The authors cite data showing that “improvements from unfit to moderately fit confer dramatic reductions in morbidity and mortality” but that “fitness levels above 12 metabolic equivalents do not seem to translate into additional gains in CV health and longevity.” The authors posit a U-curve, with “couch loungers” on one side and “extreme exercise aficionados” on the other side. They recommend moderate exercise as “the safe and comfortable zone at the bottom of the U curve, which, they say, is the sweet spot for most people. They conclude with a “take home message” recommending that most people limit vigorous exercise to 30-50 minutes per day.
In the WSJ article both O’Keefe and Lavie, former elite athletes with years of intense training, discuss their current moderate exercise regimens. The article also includes an old quote from Kenneth Cooper, the sports physician who helped launch the original aerobics movement: “If you are running more than 15 miles a week, you are doing it for some reason other than health.”

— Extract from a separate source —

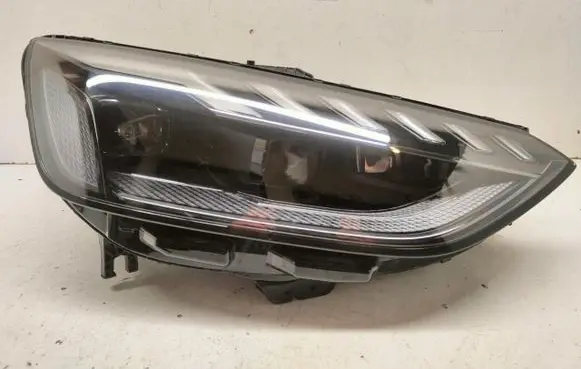 Audi RS4 Headlight/headlamp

Update– I asked Heart editor Adam Timmis to comment on this episode and whether he thought the Ingelfinger rule (which forbids prepublication publicity about a forthcoming paper) applied in this case. Here is the response I received:
“Embargo breaks are always regrettable, of course. But while the Ingelfinger rule is a worthy one, to apply it in this case would be like taking a mallet to a walnut.
The article in question was a review article- albeit in editorial format-not original research. And there is little or nothing in the piece that is not already in the public domain. Therefore, we think that it would be excessive to withdraw it from publication.”